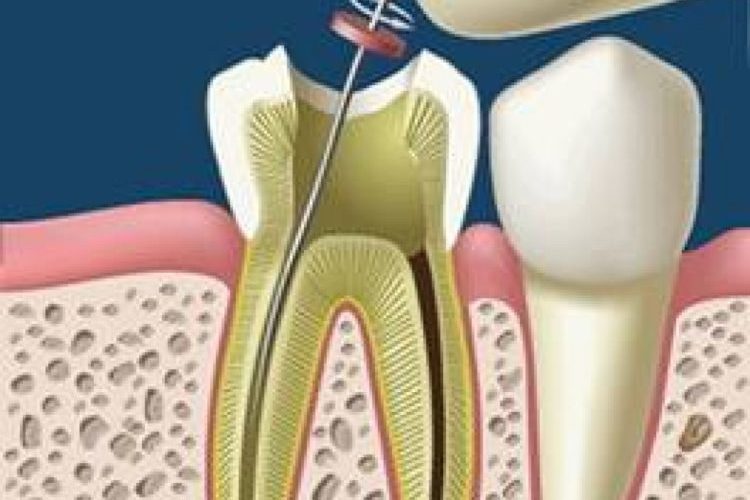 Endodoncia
==
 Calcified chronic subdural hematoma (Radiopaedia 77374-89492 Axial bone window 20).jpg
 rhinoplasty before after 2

**WORK INSTRUCTIONS:**
Retype exactly the lines above, from the one with "Calcified chronic subdural" through the one with "rhinoplasty before after 2", inclusive.

**EXERCISE OUTPUT:**
 Calcified chronic subdural hematoma (Radiopaedia 77374-89492 Axial bone window 20).jpg
 rhinoplasty before after 2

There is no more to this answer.